Exercise directions - Exact repetition of a range: find the line containing "Gucci Borsa Bucket Small Ophidia GG Marrone" and the line containing "Liviana Conti Shirred Ruffled Midi Dress" in the material below, then repeat both and all lines between them, leaving pictures out.

Record excerpts -
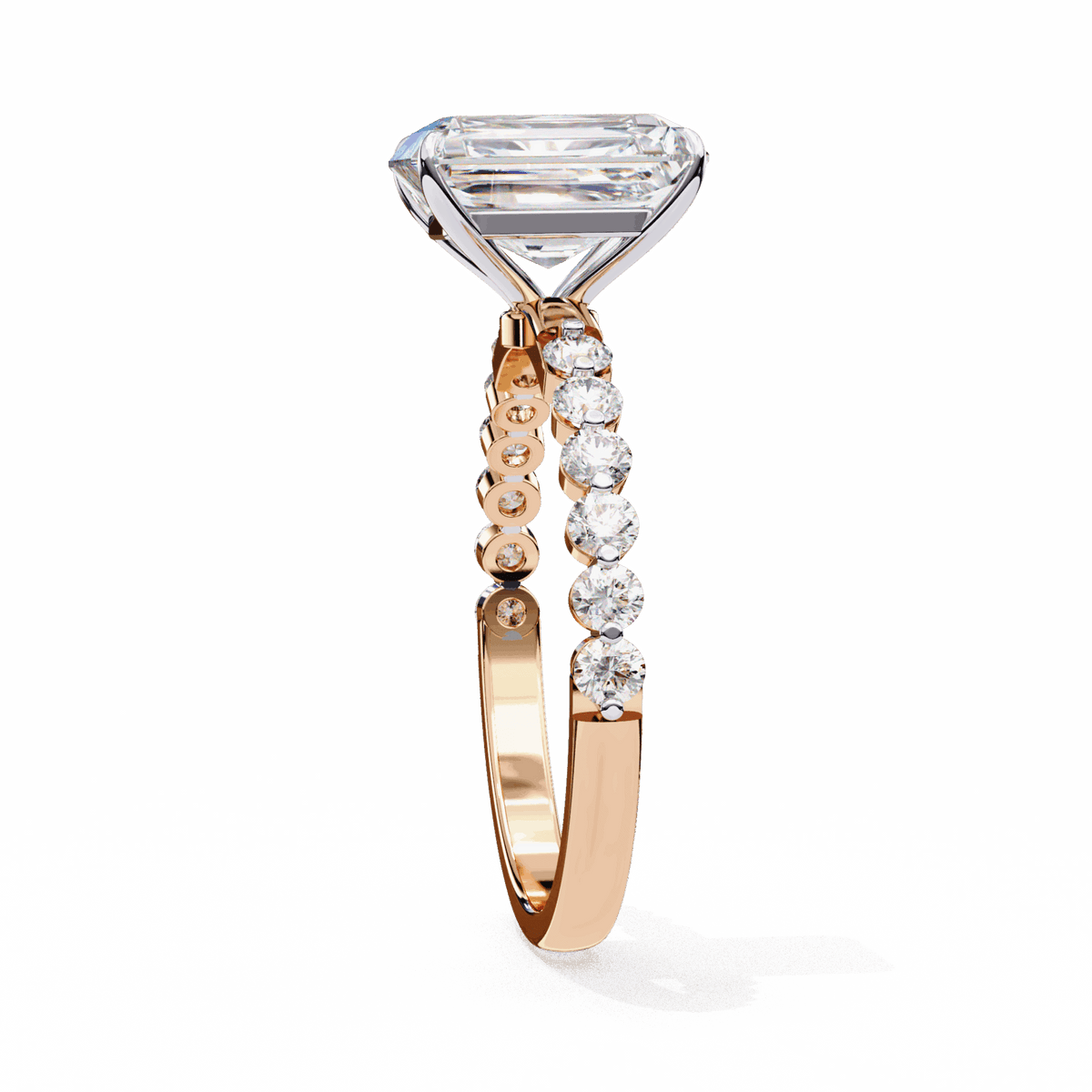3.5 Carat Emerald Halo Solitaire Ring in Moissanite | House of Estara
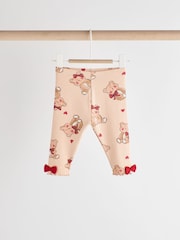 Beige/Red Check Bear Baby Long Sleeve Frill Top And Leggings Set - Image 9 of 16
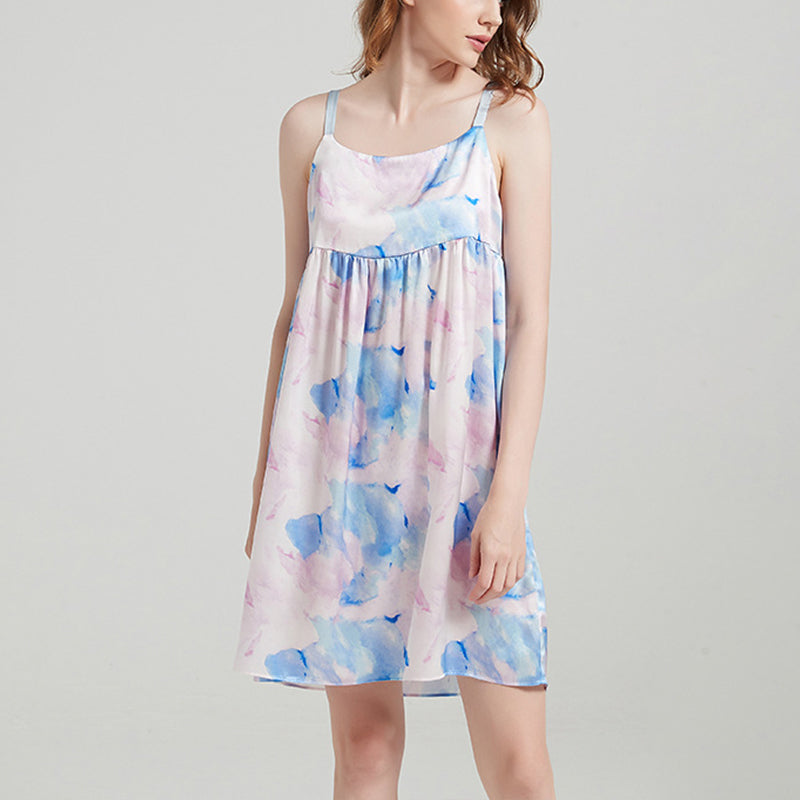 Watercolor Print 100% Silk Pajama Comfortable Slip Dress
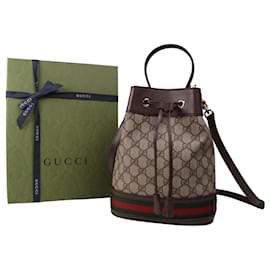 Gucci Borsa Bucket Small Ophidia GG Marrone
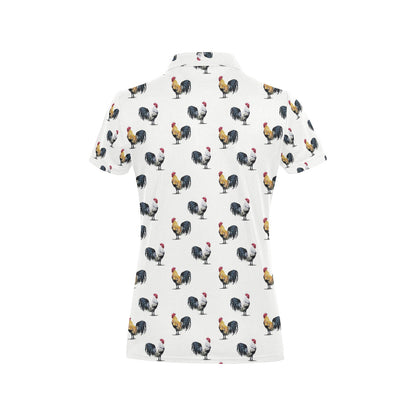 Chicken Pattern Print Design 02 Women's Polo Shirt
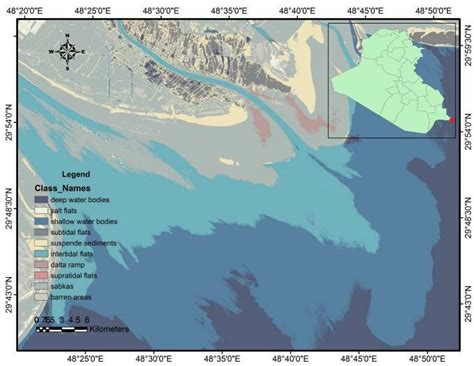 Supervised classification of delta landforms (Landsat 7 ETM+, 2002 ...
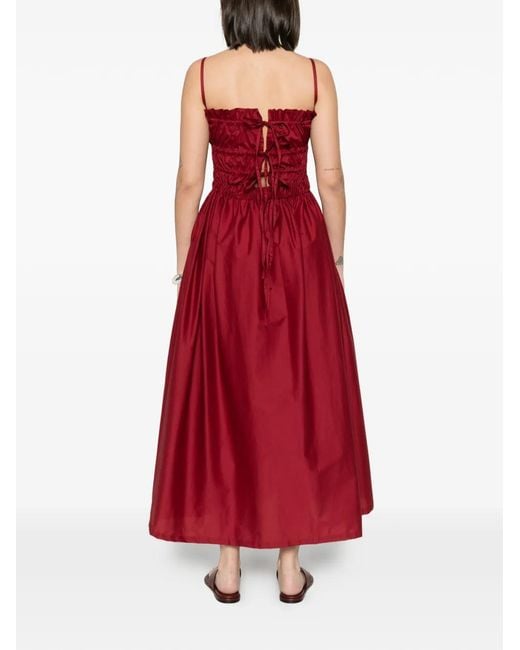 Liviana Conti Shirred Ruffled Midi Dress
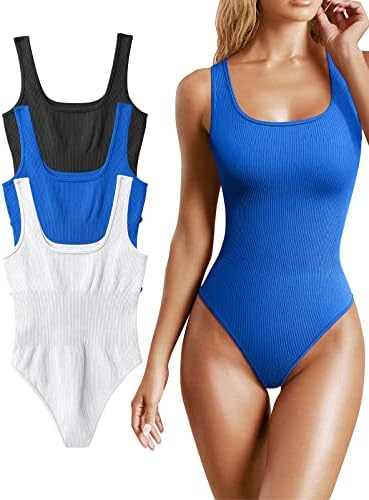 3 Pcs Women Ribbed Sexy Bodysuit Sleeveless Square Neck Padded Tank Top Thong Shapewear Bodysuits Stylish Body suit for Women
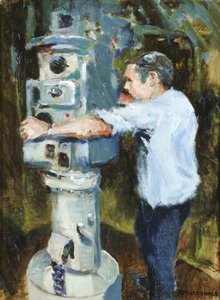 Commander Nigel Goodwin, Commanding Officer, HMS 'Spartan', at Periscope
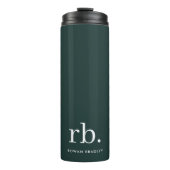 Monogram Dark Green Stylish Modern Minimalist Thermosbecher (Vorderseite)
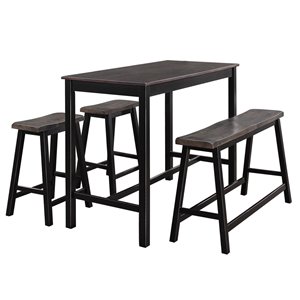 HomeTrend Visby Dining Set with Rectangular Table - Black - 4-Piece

Answer for the task -
 Gucci Borsa Bucket Small Ophidia GG Marrone
 Chicken Pattern Print Design 02 Women's Polo Shirt
 Supervised classification of delta landforms (Landsat 7 ETM+, 2002 ...
 Liviana Conti Shirred Ruffled Midi Dress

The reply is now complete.